**Task instructions:** All that should come back is the lines of the data below from the one containing "The Bowers House" to the one containing "Praia Batuba'in fotoğrafı", inclusive, exactly as they stand.

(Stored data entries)
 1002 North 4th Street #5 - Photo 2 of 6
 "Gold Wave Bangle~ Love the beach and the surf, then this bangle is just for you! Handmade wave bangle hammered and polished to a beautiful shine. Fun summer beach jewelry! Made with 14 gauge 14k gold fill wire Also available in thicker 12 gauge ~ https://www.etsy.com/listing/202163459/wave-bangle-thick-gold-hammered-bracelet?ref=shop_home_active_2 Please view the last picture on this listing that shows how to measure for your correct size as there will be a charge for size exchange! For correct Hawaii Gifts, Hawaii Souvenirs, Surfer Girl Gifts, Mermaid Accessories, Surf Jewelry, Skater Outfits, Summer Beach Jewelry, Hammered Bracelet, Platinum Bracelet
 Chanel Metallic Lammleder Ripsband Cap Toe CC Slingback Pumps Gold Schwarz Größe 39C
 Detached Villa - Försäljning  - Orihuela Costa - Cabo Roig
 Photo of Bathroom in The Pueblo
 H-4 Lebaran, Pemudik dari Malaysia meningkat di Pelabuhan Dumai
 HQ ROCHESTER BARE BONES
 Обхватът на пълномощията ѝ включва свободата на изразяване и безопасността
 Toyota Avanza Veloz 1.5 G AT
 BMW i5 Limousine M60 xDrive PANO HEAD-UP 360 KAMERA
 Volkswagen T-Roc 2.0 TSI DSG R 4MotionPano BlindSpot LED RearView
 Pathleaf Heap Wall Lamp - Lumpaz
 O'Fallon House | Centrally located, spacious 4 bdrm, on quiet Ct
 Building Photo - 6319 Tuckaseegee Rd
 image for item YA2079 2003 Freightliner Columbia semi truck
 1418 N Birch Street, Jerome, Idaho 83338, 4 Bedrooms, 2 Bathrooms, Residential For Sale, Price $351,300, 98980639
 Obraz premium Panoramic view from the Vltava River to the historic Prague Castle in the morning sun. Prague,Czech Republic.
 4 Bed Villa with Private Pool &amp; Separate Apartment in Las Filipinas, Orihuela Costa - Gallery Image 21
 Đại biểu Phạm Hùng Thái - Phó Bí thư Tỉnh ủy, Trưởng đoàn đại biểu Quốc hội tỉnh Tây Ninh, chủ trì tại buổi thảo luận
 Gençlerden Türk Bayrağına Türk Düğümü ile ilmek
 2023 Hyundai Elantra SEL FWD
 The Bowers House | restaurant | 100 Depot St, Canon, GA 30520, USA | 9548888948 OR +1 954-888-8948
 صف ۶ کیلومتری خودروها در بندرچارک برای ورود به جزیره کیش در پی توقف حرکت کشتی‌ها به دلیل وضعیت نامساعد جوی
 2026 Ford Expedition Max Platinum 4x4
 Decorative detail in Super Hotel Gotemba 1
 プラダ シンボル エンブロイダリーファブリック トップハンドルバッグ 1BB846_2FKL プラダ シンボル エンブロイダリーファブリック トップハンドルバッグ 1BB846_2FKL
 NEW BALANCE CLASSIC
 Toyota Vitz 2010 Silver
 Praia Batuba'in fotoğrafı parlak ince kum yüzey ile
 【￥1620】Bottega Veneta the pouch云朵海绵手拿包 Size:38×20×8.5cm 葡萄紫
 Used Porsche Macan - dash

**Output of the exercise:**
 The Bowers House | restaurant | 100 Depot St, Canon, GA 30520, USA | 9548888948 OR +1 954-888-8948
 صف ۶ کیلومتری خودروها در بندرچارک برای ورود به جزیره کیش در پی توقف حرکت کشتی‌ها به دلیل وضعیت نامساعد جوی
 2026 Ford Expedition Max Platinum 4x4
 Decorative detail in Super Hotel Gotemba 1
 プラダ シンボル エンブロイダリーファブリック トップハンドルバッグ 1BB846_2FKL プラダ シンボル エンブロイダリーファブリック トップハンドルバッグ 1BB846_2FKL
 NEW BALANCE CLASSIC
 Toyota Vitz 2010 Silver
 Praia Batuba'in fotoğrafı parlak ince kum yüzey ile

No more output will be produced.